Segment Start: TASK DATA
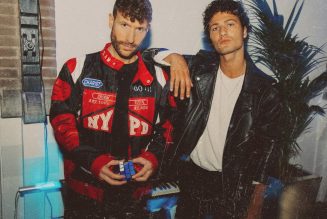 Don Diablo and Denzel Chain Launch 80’s-Inspired “Camp Kubrick” Project with New Single “Johnny’s Online”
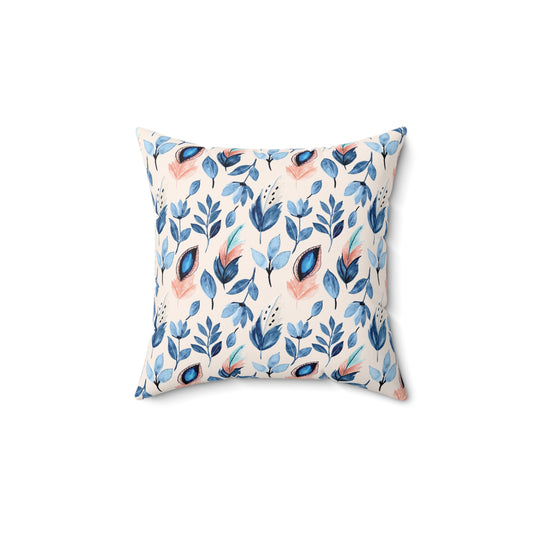 Blue Foliage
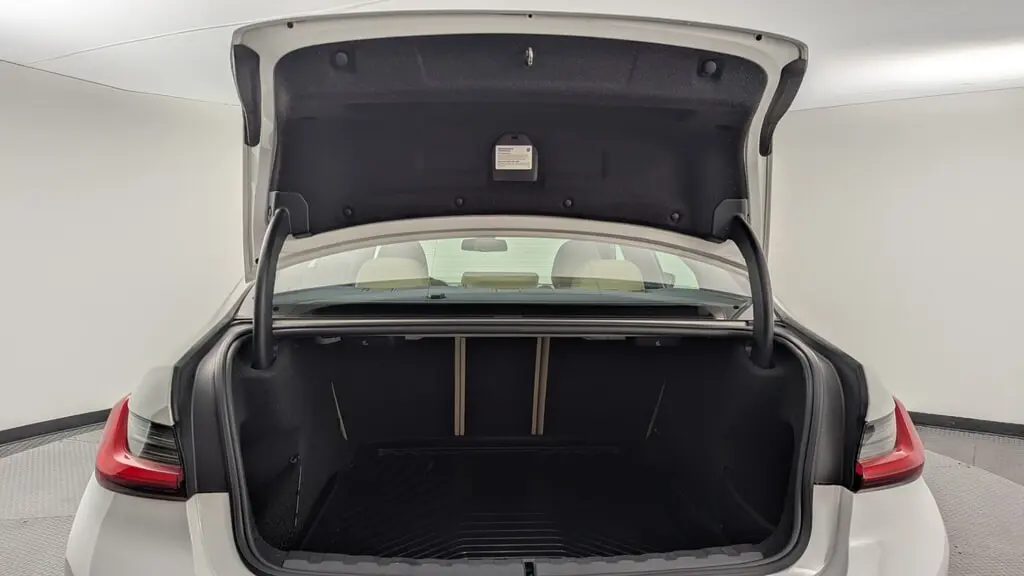 Florida Fine Cars - Used BMW 3 SERIES 2020 WEST PALM 330I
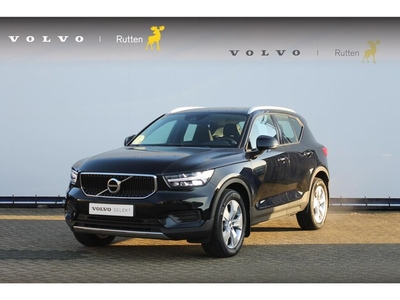 Volvo XC40 Benzine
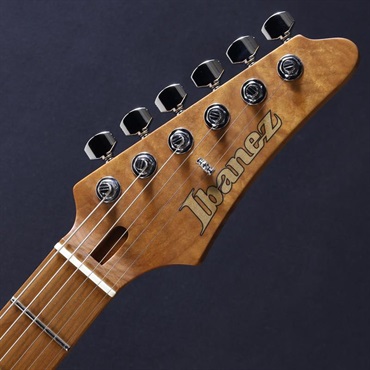 Ibanez USED 中古 Prestige AZ2402 (Pearl White Flat) 画像4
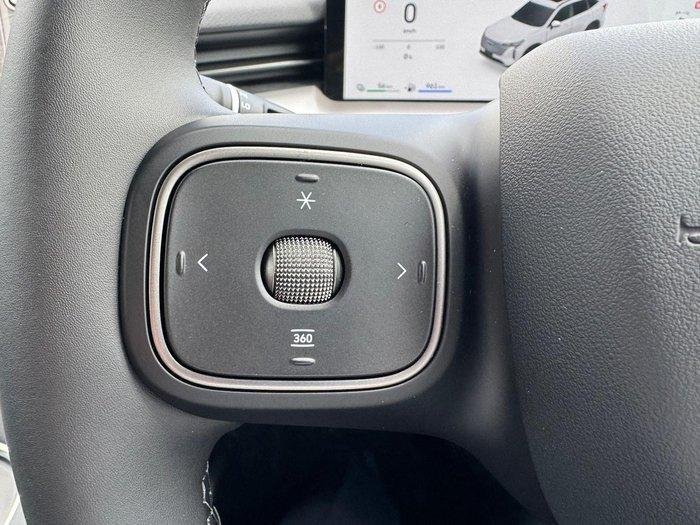 2025 GWM Haval H6 Ultra PHEV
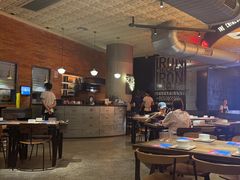 -铁公鸡·四川料理(天环广场店)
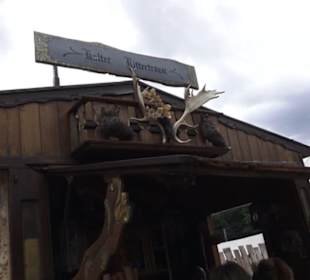 Jahrhundertmarkt und Ritterturney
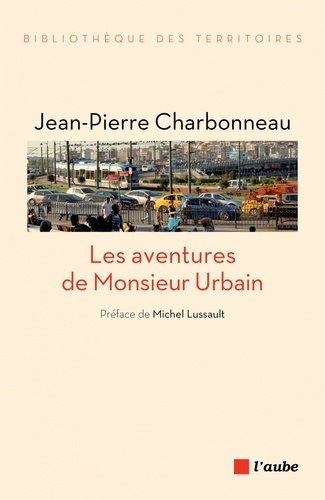 Les aventures de Monsieur Urbain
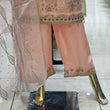 Load image into Gallery viewer, Amroz By Shagun 3pcs Plazoo Collection APC-02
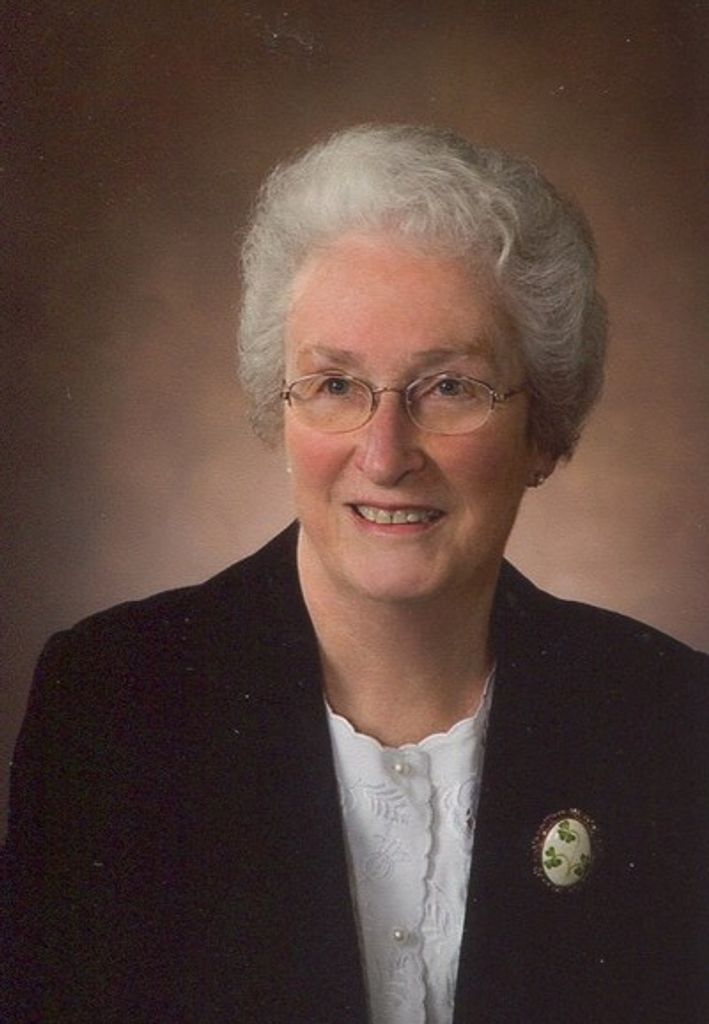 Mary Margaret Kucera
Segment End: TASK DATA
§ EXERCISE DIRECTIONS:
Beginning at the line that contains "Volvo XC40 Benzine", copy each remaining line of the records exactly, through the final one. Omit the pictures.

§ REPLY TO THE TASK:
 Volvo XC40 Benzine
 Ibanez USED 中古 Prestige AZ2402 (Pearl White Flat) 画像4
 2025 GWM Haval H6 Ultra PHEV
 -铁公鸡·四川料理(天环广场店)
 Jahrhundertmarkt und Ritterturney
 Les aventures de Monsieur Urbain
 Load image into Gallery viewer, Amroz By Shagun 3pcs Plazoo Collection APC-02
 Mary Margaret Kucera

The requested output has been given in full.